Dans ce rapport, l’ACPR rappelle que « soit cette garantie est subordonnée à la survenance d’un dommage aux biens garantis (de type incendie ou dégât des eaux) soit, plus rarement, une exclusion explicite des effets de la pandémie a été prévue dans les contrats garantissant la fermeture administrative ». Ainsi souligne-t-elle le manque de clarté de certains contrats quant à cette exclusion de garantie et la possibilité d’une interprétation alambiquée. Raison pour laquelle elle enjoint les différents assureurs à répondre rapidement et qualitativement aux demandes d’informations des assurés portant sur l’extension des garanties. Mais surtout à mettre à jour les clauses contractuelles élusives, dans notre cas entre agents et clients. « Dans ce dernier cas, les organismes doivent formaliser l’étendue des dérogations octroyées à leurs distributeurs et renforcer la contrôle des délégations accordés » conclue l’Autorité dans son rapport. Non sans avoir affirmé au préalable que "les gestes commerciaux de nature diverse qui sont faits par les assureurs ne peuvent conduire à priver les assurés de leur droit de recours en cas de contestation de la portée des clauses contractuelles".
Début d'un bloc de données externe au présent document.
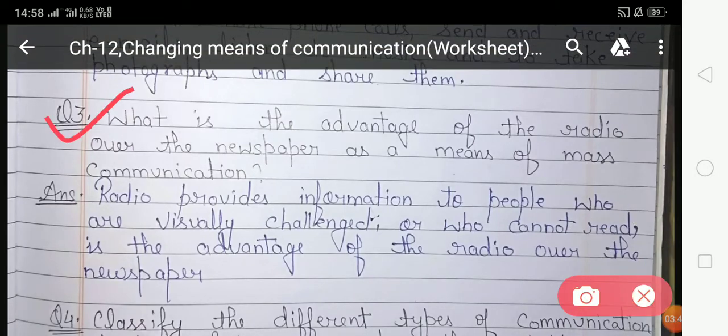Question three: What is the advantage of radio over newspaper as a means of mass communication? Radio provides information to people who are visually challenged, who cannot see, or who are illiterate and cannot read — this is the advantage of radio over the newspaper. Radio is very useful for persons who cannot see or read.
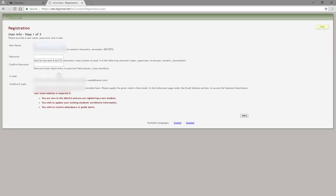Complete the user information setup. Usernames must include between 6 to 25 characters. Passwords must be between 8 to 25 characters long and include at least 3 of the following:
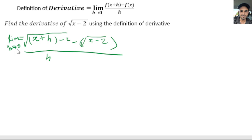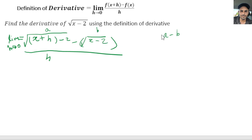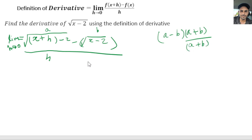Now we have square roots in the numerator and we want to eliminate that. We're going to use a process called rationalizing the numerator. We treat the first square root term as 'a' and the second as 'b', so we have a minus b. To rationalize it, we multiply by a plus b — we only change the sign in between — and then divide by the same thing, a plus b. So we multiply and divide by the conjugate.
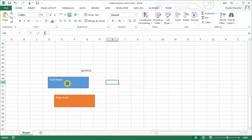And now when I click this button — sure enough, Indiana Jones is playing! If I want to go ahead and stop the music, I'll click the stop button. And that, my friends, is how you can program Excel to play the Indiana Jones theme song.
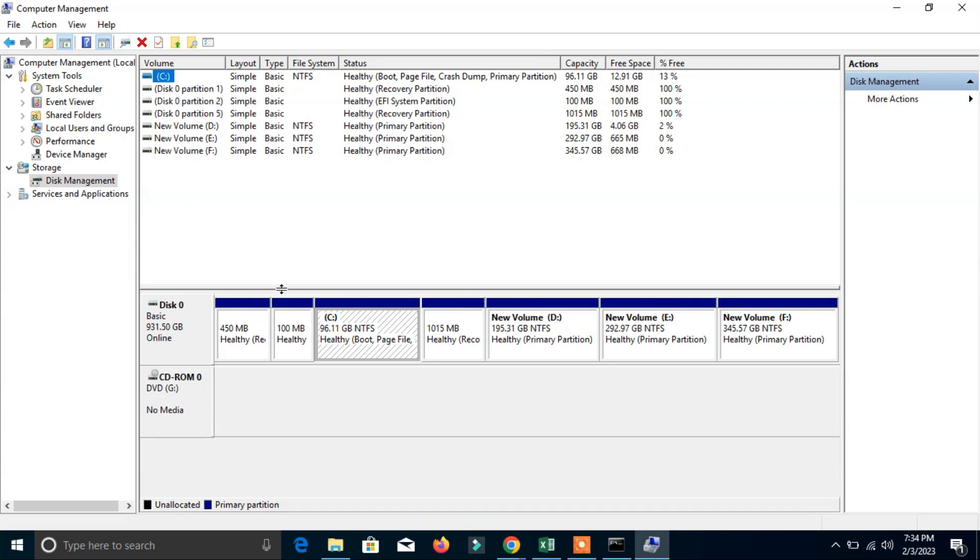These are the two ways you can check your hard disk size of your laptop or computer. I hope you find this video informative. If you like this video please subscribe, share and like my channel. Thanks for watching.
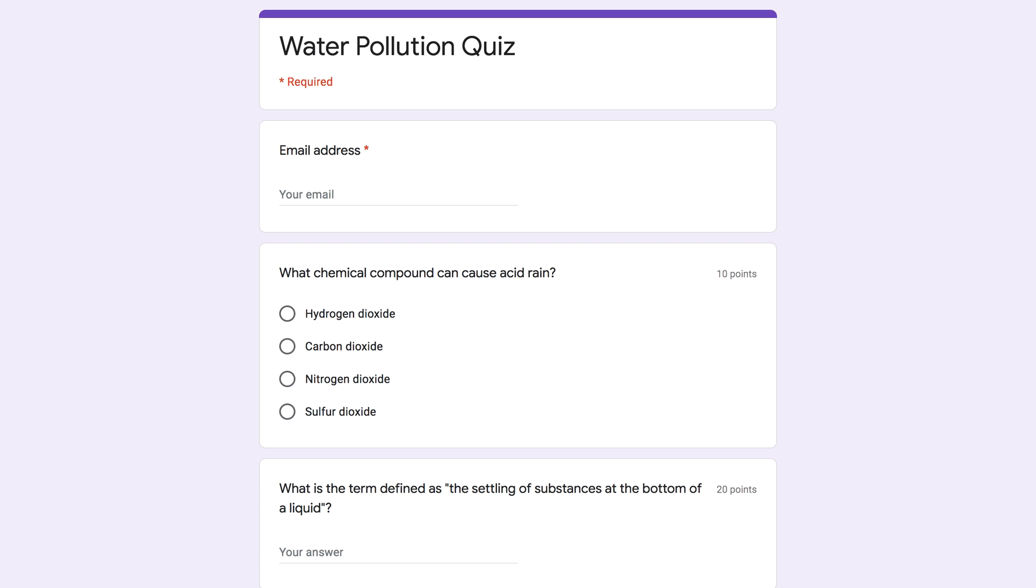Google Forms is typically used to create surveys, sign-ups, feedback forms, and more. It can also be used to create quizzes that you can easily incorporate into Google Classroom.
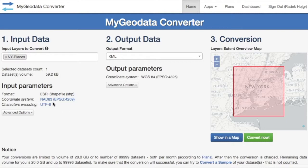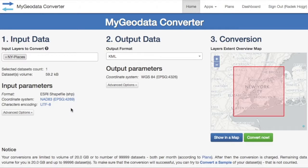It's very important to have the input coordinate system specified correctly, otherwise the output KML file will be projected to the wrong geographic area. The coordinate system is defined in a PRJ file of the shapefile format. If this file is missing, you have to assign the correct coordinate system manually.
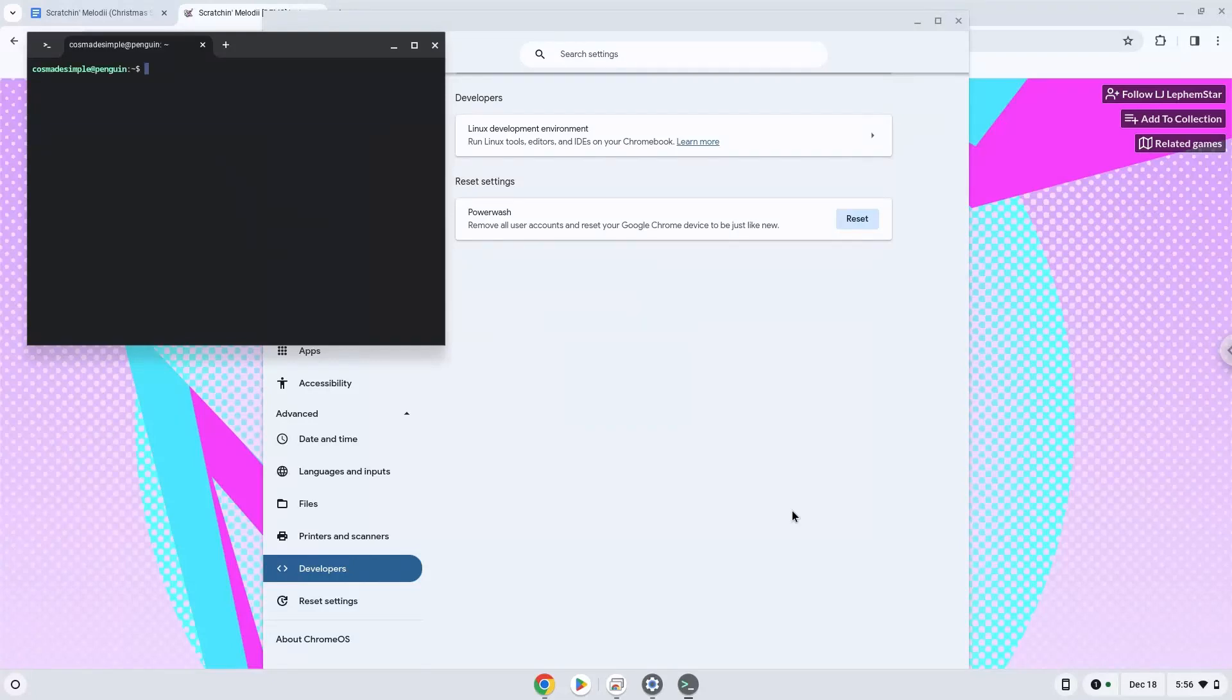Now that we have enabled Linux apps on our system, we will continue to the next step, which is to download the installation package from their website.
Une satisfaction pour la Fédération et les agents généraux

Rappelons que l’ACPR avait été saisie par la Fédération en réaction à la prime de relance annoncée par le Crédit Mutuel en plein confinement auprès des restaurateurs touchés par les mesures gouvernementales. S’il faut rester mesuré quant au lien entre cette saisine et la publication de ce rapport, il est clair que la mobilisation des agents généraux dans ce dossier a joué un certain rôle dans cette entreprise de clarification de l’ACPR (via ce questionnaire). 
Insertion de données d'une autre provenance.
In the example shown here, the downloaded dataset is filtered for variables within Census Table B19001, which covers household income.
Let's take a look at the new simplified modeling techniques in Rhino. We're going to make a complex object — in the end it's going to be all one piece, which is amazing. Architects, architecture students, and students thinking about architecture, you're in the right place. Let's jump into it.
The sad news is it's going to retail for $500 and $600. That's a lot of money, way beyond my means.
Dans un entretien à l'Argus de l'assurance, Patrick Evrard exprime sa satisfaction : « agéa salue la publication des premiers résultats de l’étude sur les contrats d’assurances dommages comportant des garanties de perte d’exploitation. L’ACPR, après analyse des contrats des vingt premiers assureurs de dommages, conclut au fait que 93,3% des clients assurés ne sont pas couverts, à raison, au titre du Covid-19. Il s’agit d’une réalité factuelle et confirmée par une autorité publique indépendante, adossée à la Banque de France ». Avant d’ajouter que les anomalies étayées par le rapport quant aux clauses ambigus ne constituent aucunement l’apanage des agents généraux : « Pour un agent général, concernant les professionnels, nous sommes sur des contrats packagés, où la moindre insertion d’une clause, fait soit l’objet d’une étroite surveillance de la mandante soit l’objet d’une interdiction pure et simple ». Une situation qui doit amener les compagnies mandantes à repenser une égalité de traitement stricte entre les réseaux de courtiers et d’agents généraux dans leurs politiques de contrôle. Une évolution à suivre…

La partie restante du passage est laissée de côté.